Leerlingen zijn daarbij ook gebaat om complexe teksten te lezen. Vaak wordt gedacht om leerlingen die moeite hebben met lezen te helpen door ze eenvoudige teksten aan te bieden. Om daaraan tegemoet te komen is een systeem ontwikkeld om de leesvaardigheid van kinderen te meten. Daarbij werden leerlingen veilig in groepjes op hun eigen niveau ingedeeld om goed op eigen niveau te kunnen oefenen. Er zijn zelfs boekjes ontwikkeld waarbij de leerlingen in hun eigen niveau kunnen oefenen.
Dat lijkt heel erg goed, maar dat heeft enorme nadelen. Leerlingen lezen op deze wijze gekunstelde zinnen en die zijn lastig te begrijpen (Wexler, 2016). Dat betekent dat leerlingen die meer moeite hebben met het technische aspect van lezen door deze werkwijze ook meer moeite gaan krijgen met leesbegrip. Helaas is dit wat we nog regelmatig zien op scholen. Het is bedoeld om leerlingen te helpen maar het kan averechts werken. Wat wel helpt is om met de hele klas complexe teksten te gaan uitpluizen en structureel te analyseren.

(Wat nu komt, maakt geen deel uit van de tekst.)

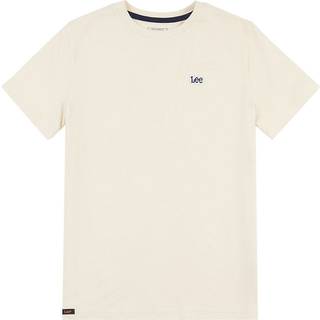 Lee Badge Tee White Aspergus Size 9/10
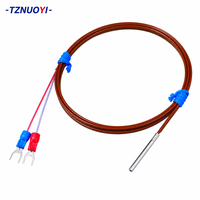 Sonde de température à résistance en platine PT100, câble en silicone résistant à la chaleur et à l'huile pour moteur/boîtier de distribution/thermostat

Een andere vaardigheid die positief werkt bij leesbegrip, is het zelf schrijven van teksten. Als leerlingen bewust gedachten op gaan schrijven, dan moeten ze ook bewust over een aantal complexe zaken nadenken; woordkeuze, spelling, syntaxis, domeinkennis, en wie de lezer is (Hochman & Wexler, 2017). Als al deze vaardigheden in een keer worden gevraagd aan de leerlingen zorgt dit voor een cognitieve overbelasting. Wie kent niet de leerling die heel goed over het weekend kan vertellen, maar als daarna gevraagd wordt om dit op papier te zetten, deze leerling niet verder komt dan 3 zinnen? Dit zijn dan soms ook meerkunners, waarover je je dan als leerkracht enorm verbaast. Toch is dat niet vreemd als je bedenkt hoe complex de vaardigheid van een tekst schrijven is.
Dit vraagt om een structurele opbouw van schrijven en het begint op zinsniveau (Hochman & Wexler, 2017). In het primair onderwijs wordt dit meestal niet structureel opgebouwd. Er is geen duidelijk curriculum schrijven en in de praktijk geven leerkrachten weinig feedback op de schrijfproducten. Het is vaak een ondergeschoven kindje en alleen als er schrijfopdrachten in de taalmethode staan, worden deze uitgevoerd (van Koeven & Smits, 2021). Dit is jammer, want juist structureel leren hoe een tekst moet worden geschreven helpt bij het begrijpen van een tekst. Het begrijpen van teksten is daarnaast dan weer van belang om een volwaardig deelnemer aan de maatschappij te worden.